According to the “Capital Asset Pricing Model” (promoted by several Nobel Laureates in Economics, including the late Merton Miller, a ratio called"beta" can be calculated for every stock. This ratio shows how a stock price has reacted IN THE RECENT PAST, to changes in a broader index (like the DJA or S&P 500).From what I understand, this ratio, being calculated from past data, cannot have any predictive power about the FUTURE of an individual share price. However, in looking at my insignificant portfolio, I am struck by how individual stockprices track the broader indexes…indeed, the corellation is astounding (someimes); for example, I own a small, local cororation…and over the past 3 weeks, its share price has tracked the NASDAQ index perfectly! Why should this be so?
And, can the BETA of any individual stock actually predict future pricing (at least over the next 2-3months)? Has anyone checked this out?
Of course, this wouldlead one to conclude that stock prices are predictable, which is disproved by experience, but, anyway…
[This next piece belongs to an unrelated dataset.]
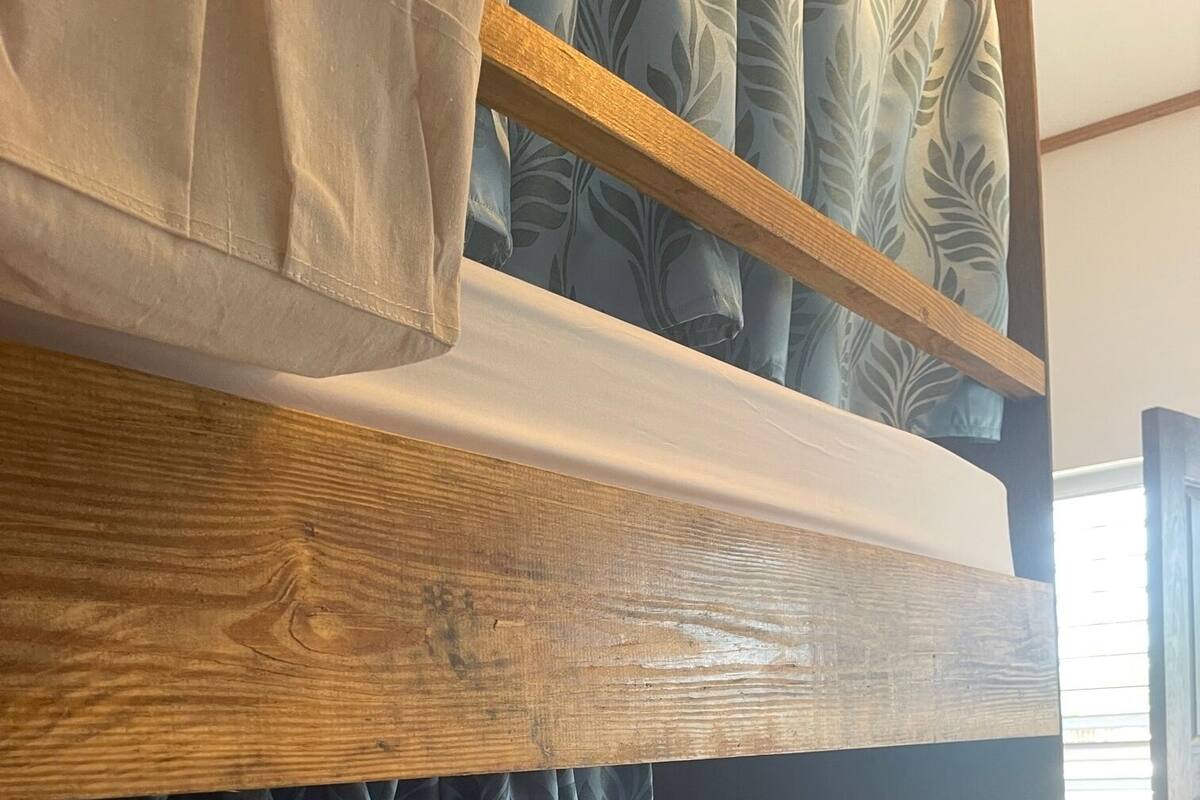Uma cama beliche com estrutura de madeira, cortinas azuis estampadas e colchão branco.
No. The beta only would have predictive power if one could predict how the broader market was going to do.
The beta is a measure of risk relative to the market as a whole, usually reflected by the S&P 500 I believe. If the market goes up and the beta is greater than 1.0, then the stock (or mutual fund) will rise more than the S&P. However, it also works the other direction. If the S&P falls, the investment will fall even more.
If you desire less risk than the general market, you’d invest in instruments with betas less than 1.0.
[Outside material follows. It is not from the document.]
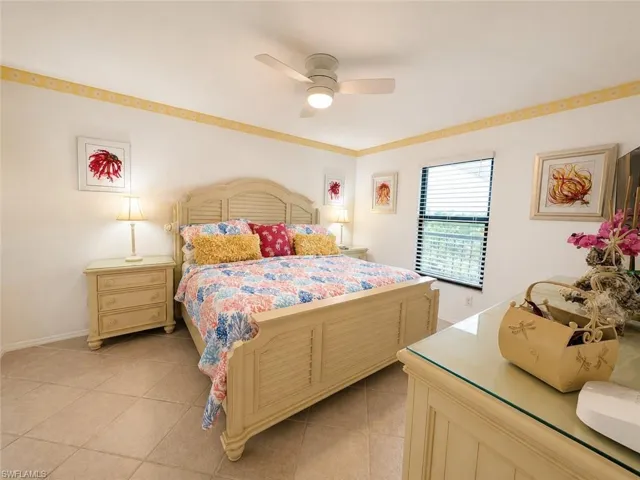 Spacious room featuring tile flooring, a window with horizontal blinds, and a ceiling fan with integrated lighting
Beta is simply a measure of the riskiness of a stock. If the market (which technically includes every possible investment in the world) moves up 1%, how much should you expect the stock to move? If the Beta is 2, then the stock is expected to move at the risk-free rate (or alpha - the rate at which the gov’t borrows money) + 2 X the market premium.
But, as you said, there is no reason that the future price movements of the stock should reflect any of this. In fact, Betas chnage over time. And they wouldn’t be great for making short term gains on stocks.
But many people forget about the purpose of Beta. Beta separates out market-related risk from idiosyncratic or company-specific risk. With efficient markets, company-specific risk can be diversified away. So the pricing of stocks depends only on market-related risk (in theory). You are not compensated for idiosyncratic risk. So while your hunch that Company X will get the patent that can make or break the future of the company, the price that you pay for the stock will not be discounted due to this risk.
I hope all that was clear.
To add a specific example to the very capable explanations above…
A stock for a company that was generally steady, despite downturns in the market (economy as a whole)… for instance… a hypothetical manufacturer of a staple food product (wheat farmer) would have a beta close to zero.
A stock for a company that manufactured a luxury chocolate, on the other hand, would be very sensitive to changes the the economy as a whole, and would have a high beta.
And (yes, there is such a thing) companies that did well when the rest of the economy is the pits (staying with my food example, maybe the company that makes Ramen noodles) would have a negative beta.
Hope that helps clarify the technical explanation above.
A Mathematician Plays the Stock Market, by John Allen Paulos talks about these technical indicators and the role they play in predicting stocks. (He wound up buying WorldCom, a decision that looked good at the moment.)
I haven’t read the book, but it’s getting very good reviews.
The main problem here is in the theory versus application. Beta measures sensitivity of a security to the complete market (including itself by the way). BUT, as people try to use it to PREDICT movement they have to approximate beta. They do this most often by taking the last 60 months of data and simply regressing it against the market’s movement (with the risk-free rate as the intercept). Past performance does not guarantee future results. Beta is theoreticaly the real-time sensitivity, not the last 60 month’s, but if you wanna predict with it then you gotta know it in advance.
Also, beta is often used to determine cost of equity (that’s the CAPM). The CAPM is a big deal, because it says that the only things that determine cost of equity are the following:
- rate of return of the market
- risk-free rate of return
- beta
and - Nothing else, no credit stats, no market cap, no pro forma no nothin’.